Superfluo aggiungere quanto l’idea suggerisca un possibile livello di lettura traslato sulla carriera dello stesso Wright, che esce dalla frustrante esperienza di Ant-Man con i Marvel Studios: un progetto lungamente sognato e poi abortito per le interferenze dello Studio che «non era pronto a fare un film di Edgar Wright» e che sembrava aver scavato un solco fra l’autore e la politica delle major.
La ricerca d’armonia di Baby si riflette perciò in quella del suo autore, e immagini come quella del ragazzo che porta a termine il colpo con successo, salvo poi disinteressarsi del denaro per gettarlo con nonchalance sotto le assi del suo appartamento, iscrivono una volta di più Wright fra gli autori più consapevoli della posta in gioco su cui si fonda l’immaginario globale contemporaneo e la dialettica fra autori e incassi. Per questo Baby Driver appare come un progetto più commerciale del solito, maggiormente pensato per il grande pubblico, ma con un’anima intimamente ribelle – un possibile parallelo può stabilirsi con Drive, che ha permesso a Nicolas Winding Refn di uscire dalle maglie del culto per i pochi e diventare così un autore noto al pubblico più allargato. La presenza, in entrambi i casi, di un super-pilota non è casuale: se la posta in gioco è quella dell’immaginario, il grimaldello diventa proprio il lavoro sull’iconografia di elementi fondanti della cultura americana, come l’automobile appunto.

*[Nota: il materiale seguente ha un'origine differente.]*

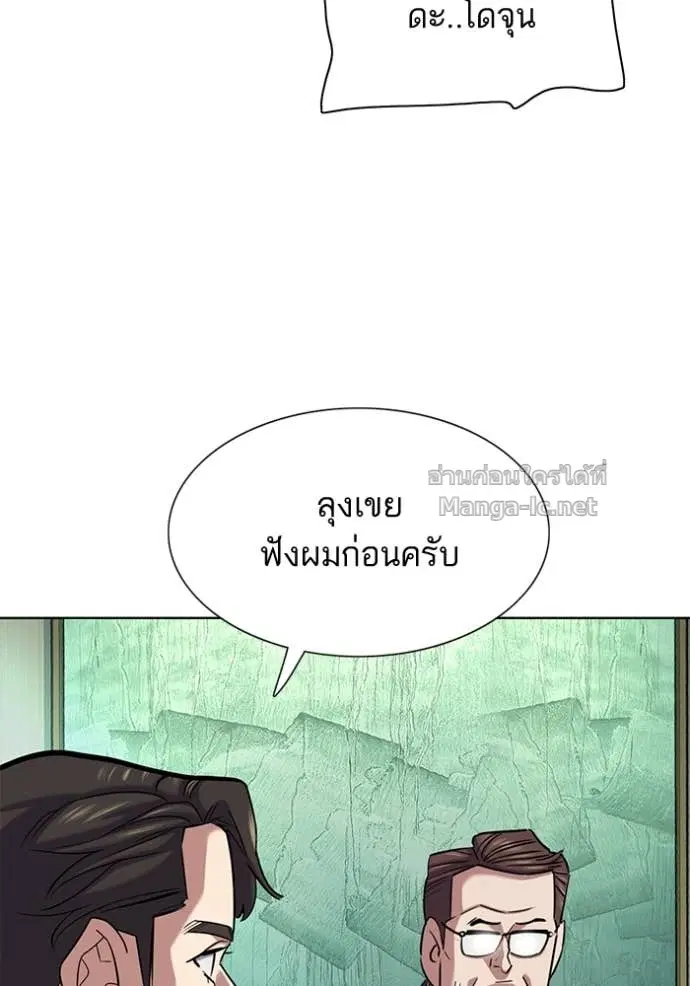 หน้า 86 จาก 121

Baby Driver è, per questo, un film che va inseguito: per comprenderne il fitto intreccio di traiettorie fra l’interno e l’esterno, e il gioco di mimesi che il protagonista stabilisce con i generi mentre l’autore fa lo stesso con il mercato. Ma può anche essere goduto con lo slancio della tenera storia d’amore nata fra i tavoli di un bar. Ancora una volta, la sequenza iniziale ci dice già tutto: Baby cerca di sfuggire ai mezzi della polizia che presidiano la strada e i cieli. Per far questo si allinea ad altre due auto simili alla sua, salvo poi scambiare posto mentre passa sotto un ponte. Il classico gioco delle tre carte, pardon, delle tre auto, che dice del divertimento da prestigiatore con cui Wright si emoziona insieme allo spettatore mentre scompagina le regole, e confeziona il suo personalissimo piccolo film americano.